A month and a half ago I released Spoon; a class library which automates search engine optimisation of single page web applications. Spoon works by using PhantomJS to take snapshots of dynamically-generated web pages and then serves these snapshots to web crawlers when they request to see the dynamic content. Spoon is automatic, self-contained, easy to set up and it works really well. However, it requires that your application have the right to launch a new process…
The problem is that not all web applications do have this right. A web application running as an Azure Web Site, for example, cannot launch additional processes. Without this ability Spoon is unable to generate page snapshots on-demand and is therefore unable to do its job.

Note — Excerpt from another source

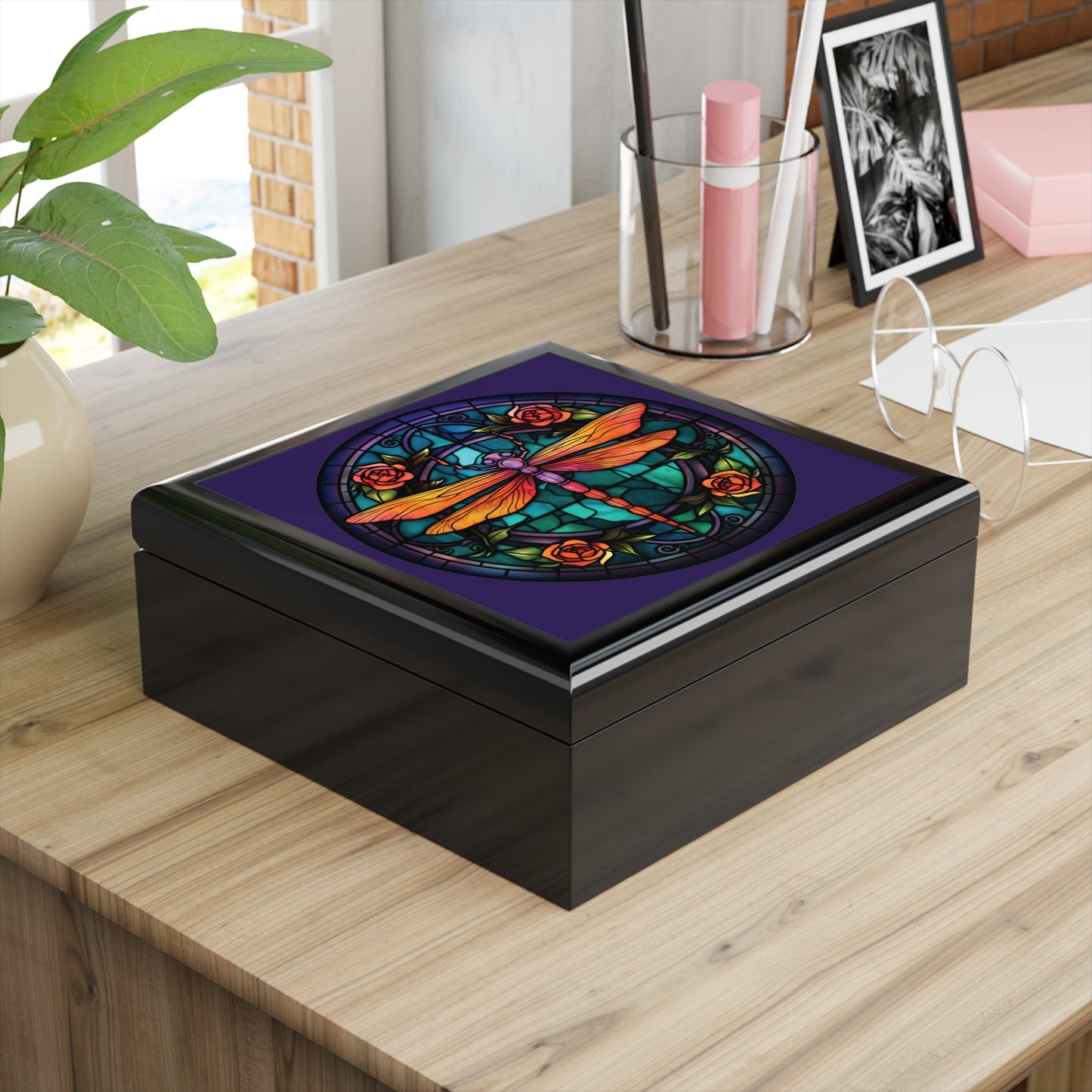 Stained Glass Dragonfly Jewelry Box — Floral Keepsake Box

So that’s why I wrote Spoon Standalone. Spoon Standalone does the same thing as Spoon, just a little differently. Instead of running as a part of a given web application, it is run on its own once an application is published. Instead of storing snapshots in the folder hierarchy of the web application it crawls, it stores them remotely and independently in Azure blob storage. Instead of being written in C# and exclusively for ASP.NET, it is written in Node.js and is compatible with all server-side web application frameworks. And don’t worry if you’re not a Node developer. No knowledge of Node.js is required to use it.
How it is used
- You download Spoon Standalone and configure it to use a certain Azure blob storage container and to crawl a collection of URLs. These can be configured manually, but Spoon Standalone also knows how to read simple sitemaps.

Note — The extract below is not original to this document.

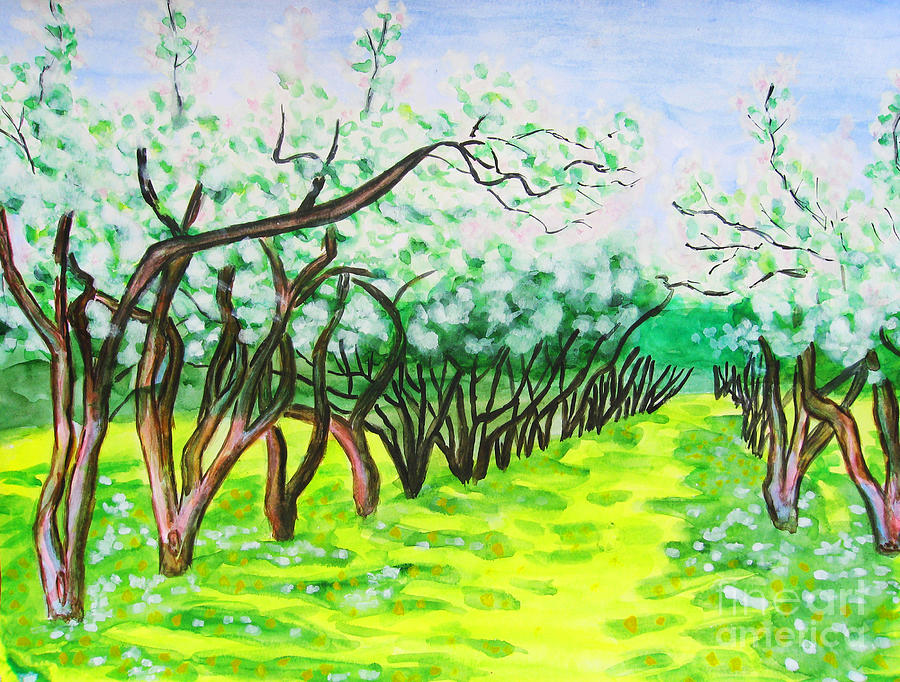 Apple garden in blossom Painting by Irina Afonskaya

- You hook code into your web application to retrieve a page snapshot from your Azure blob storage container when a crawler makes a request using an
_escaped_fragment_parameter. If you’re developing an ASP.NET MVC site, then you simply grab the Spoon Standalone Connector off of NuGet (
PM> Install-Package Spoon.Standalone.Connector) which handles this step for you.
- You publish your application.
- You launch Spoon Standalone, which fills your blob storage container with snapshots of all the pages you asked it to crawl. Execution completes, and you’re done!
The process of acquiring, configuring and using Spoon Standalone is fully documented on the project’s GitHub page.